Posted on: Saturday, May 1, 2004

UH losing its focus in WAC

 •  UTEP to leave WAC in '05
 •  UH Football:
UH football team indifferent to UTEP's conference switch

By Ferd Lewis
Advertiser Columnist

The University of Hawai'i-Manoa will shortly become the senior member of the Western Athletic Conference.

Hold the high-fives and put the parade on hold, though, because this is definitely no cause for celebration.

It just means that, like somebody who sits on the bench at the bus stop long enough, the Warriors/Rainbow Wahine/Rainbow Warriors/Rainbows have seen a lot of traffic go by.

Why they have been bystanders and not more proactive in determining their own fate is the question that needs to be asked.

So, too, is the matter of what the administration is going to do about it, if it isn't already too late.

By the time UTEP, which had joined the WAC 12 years before UH, officially moves on to Conference USA July 1, 2005, it will be the 13th school to have left the WAC in six years, the past five of which (UTEP, Rice, Southern Methodist, Texas Christian and Tulsa) have gone to

C-USA. TCU subsequently took an additional leap to the Mountain West.

Suddenly, the WAC UH will compete in for 2005-06 will have no resemblance to the one the school was in a handful of years ago, much less the one it joined in 1979.

The Big West, maybe, the Big Sky, perhaps, but not the WAC.

Air Force, Brigham Young, Colorado State, New Mexico, San Diego State, Utah and Wyoming flew the coop in 1999 and now UTEP, a member since 1967, has announced it will bolt.

What UH has been left with for partners will soon include Utah State, New Mexico State and, quite possibly Idaho or North Texas.

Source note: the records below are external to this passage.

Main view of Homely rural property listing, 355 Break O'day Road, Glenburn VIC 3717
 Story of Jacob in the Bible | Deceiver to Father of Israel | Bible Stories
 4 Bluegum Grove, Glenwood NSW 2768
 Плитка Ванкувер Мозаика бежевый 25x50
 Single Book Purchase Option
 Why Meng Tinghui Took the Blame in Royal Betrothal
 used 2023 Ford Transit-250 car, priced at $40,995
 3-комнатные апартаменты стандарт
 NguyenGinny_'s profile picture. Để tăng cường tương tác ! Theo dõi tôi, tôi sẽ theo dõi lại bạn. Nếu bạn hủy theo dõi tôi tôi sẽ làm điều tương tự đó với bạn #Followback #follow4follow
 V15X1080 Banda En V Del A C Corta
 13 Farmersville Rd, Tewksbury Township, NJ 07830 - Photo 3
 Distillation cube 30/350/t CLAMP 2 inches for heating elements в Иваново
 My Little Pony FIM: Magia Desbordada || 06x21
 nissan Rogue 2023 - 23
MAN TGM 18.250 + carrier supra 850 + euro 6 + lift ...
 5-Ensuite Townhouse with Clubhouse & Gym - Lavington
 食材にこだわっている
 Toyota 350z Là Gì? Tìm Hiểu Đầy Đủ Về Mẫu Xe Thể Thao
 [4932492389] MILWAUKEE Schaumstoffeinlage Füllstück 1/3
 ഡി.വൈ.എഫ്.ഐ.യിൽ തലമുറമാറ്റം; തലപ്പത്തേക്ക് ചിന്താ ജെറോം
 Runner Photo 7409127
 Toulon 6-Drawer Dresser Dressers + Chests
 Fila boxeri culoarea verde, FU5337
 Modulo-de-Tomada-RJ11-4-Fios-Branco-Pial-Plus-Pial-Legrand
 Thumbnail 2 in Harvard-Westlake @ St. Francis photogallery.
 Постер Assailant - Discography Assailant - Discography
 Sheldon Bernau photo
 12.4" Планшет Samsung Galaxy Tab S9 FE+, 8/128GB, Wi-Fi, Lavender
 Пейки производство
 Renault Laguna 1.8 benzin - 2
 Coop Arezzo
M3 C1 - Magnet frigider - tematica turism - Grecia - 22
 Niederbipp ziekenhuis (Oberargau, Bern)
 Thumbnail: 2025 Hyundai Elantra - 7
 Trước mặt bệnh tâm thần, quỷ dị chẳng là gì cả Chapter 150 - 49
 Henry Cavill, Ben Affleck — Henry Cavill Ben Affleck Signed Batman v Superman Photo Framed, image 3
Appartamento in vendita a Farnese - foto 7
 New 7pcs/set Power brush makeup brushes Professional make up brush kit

Can Montana Poly and Tumbleweed Tech be far behind?

Somewhere John A. Burns, the late governor who had the vision and decades-long perseverance to help get UH to the WAC's door, must be rolling over in his grave. Not that anyone could blame him.

Three years ago when UH President Evan Dobelle asked UH coaches where they wanted the school's athletic program to be it is doubtful anybody said they wanted it to be in these straits.

If Dobelle thought, "it doesn't make any sense for us to be in the WAC, in my opinion" a year ago, then how much sense does it make for UH to be in what the WAC will become by 2005?

While everybody was busy daydreaming about the Pac-10 and waiting for a Mountain West Conference call that never came, it seems the neighbors have left.

Somewhere somebody — or maybe several somebodies — have dropped the ball on UH's behalf. For its history in the WAC and what it has been able to bring to the conference, you'd think UH should be playing a major role in shaping the WAC for the better. Not being resigned to taking whatever it is left with.